Question about OCIs and conventional/synthetic oil

Joined
Dec 4, 2024
Messages
21
If a person has their oil changed at Valvoline Quick Change or Jiffy Lube, is it better for the vehicle to have the oil changed every 5K miles using full synthetic or every 3K miles using conventional and synthetic blend oil?

The car in question has direct injection and is driven in a mix of city and highway.
 
What's your opinion to the question if Valvoline Quick Change was used?
The Toyota dealer even screwed my wife's up a couple times. Nothing earth ending, but not to spec. Way overfilled a couple times. Forgot to change it at all another. Damaged the air filter another.

The only location I might actually trust would be an indy mechanic I knew personally. Other than that - my opinion is the same irrelevant of the shop.

I am sure there are some good Jiffy lube techs out there, but most aren't, and most are way too rushed.
 
The better choice would be whichever costs the least, because at 5k miles or less, no oil is going to have any substantial advantage over another. (This is assuming the lubes considered are properly spec'd for the application).
A part of me wonders is 3K OCI with conventional is better than 5K with synthetic because it gets dirt, grime, carbon, and gas by blow by out of the engine sooner.
 
A part of me wonders is 3K OCI with conventional is better than 5K with synthetic because it gets dirt, grime, carbon, and gas by blow by out of the engine sooner.
Keep in mind every time you change oil you get a bit of dry start, and some of the additives that 'plate' to metals wash away and have to 'plate' all over again.
 
Depends on the engine. Some are hard on oil, others no. Sticking rings? Turbo's run hot, so synthetic is the safe play with those.
My car isn't a turbo and doesn't have an oil temp gauge, so I don't know how hot the oil is getting. I don't know if turbos typically have oil temp gauges.
 
Assuming cost is not an issue and there is no oil consumption, HPL every 10k and an oil filter every 5k with visual inspection until there is no carbon debris in the filter media. Unless brand new most cars are not in an immaculate engine cleanliness condition and therefore require extensive pre-treatment (HPL 30EC, multiple 1K filter changes) before getting to the state for a HPL 10k oil change.
 
Do a couple of each and send in a used oil sample. 6K/12 months on semi-syn in a short tripped '21 Tucson was seriously diluted, disgusting looking and smelling. I swapped that to full syn at 3k/6 months.
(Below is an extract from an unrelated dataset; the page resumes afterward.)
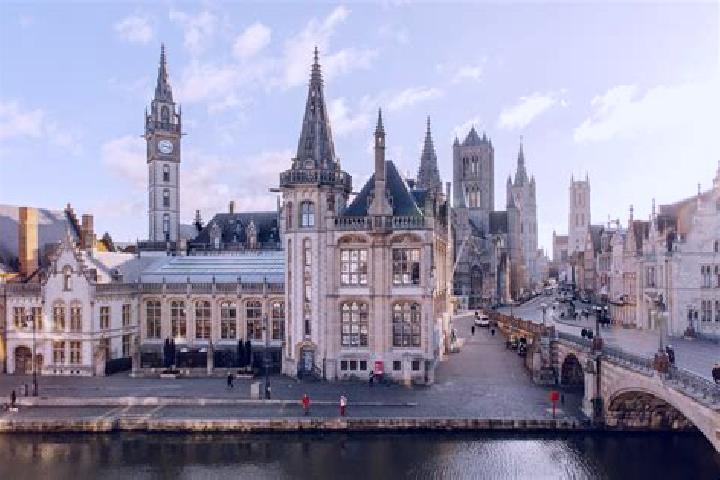 Lily, 23 — Escort in Gent, Belgium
High wear metals and fuel dilution on a short tripped GDI Pilot at ~7500k with full syn from UOA. Now doing 5k's
 
My car isn't a turbo and doesn't have an oil temp gauge, so I don't know how hot the oil is getting. I don't know if turbos typically have oil temp gauges.
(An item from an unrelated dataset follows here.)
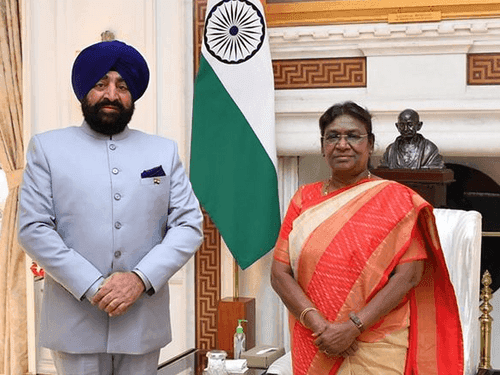 Governor Gurmit Singh made a courtesy call on the President Smt. Draupadi Murmu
turbo cars typically have oil coolers, that keep the oil temp closer to the coolant temp. Not perfect, but better than not having it. I'm sure it's changing, but NA cars typically didn't have the oil coolers, except for performance oriented models
 
At 3k miles, any current API, like Valvoline's Daily Protection, would suffice.

VIOC markets this as a Conventional, but when buying this product for yourself, it's labeled a Blend.
 
I watched a short video of some guy talking smack about the customer not wanting to pay extra for fixing a leak and the dumb oil changer put the socket on the drain bolt and started tightening it instead of loosening it and likely stripped the bolt and the guy recording said to loosen once he saw what he was doing. And that is why i don't go to quik loob places for anything.

But to answer your question yes those intervals are fine but I'd rather bring my oil of choice and go to a local shop as they're not likely to have some drop out that doesn't know his left and right screw something up. I'd probably get castrol EP 5w-30 which is rated for 25k but change it by the 10k mark.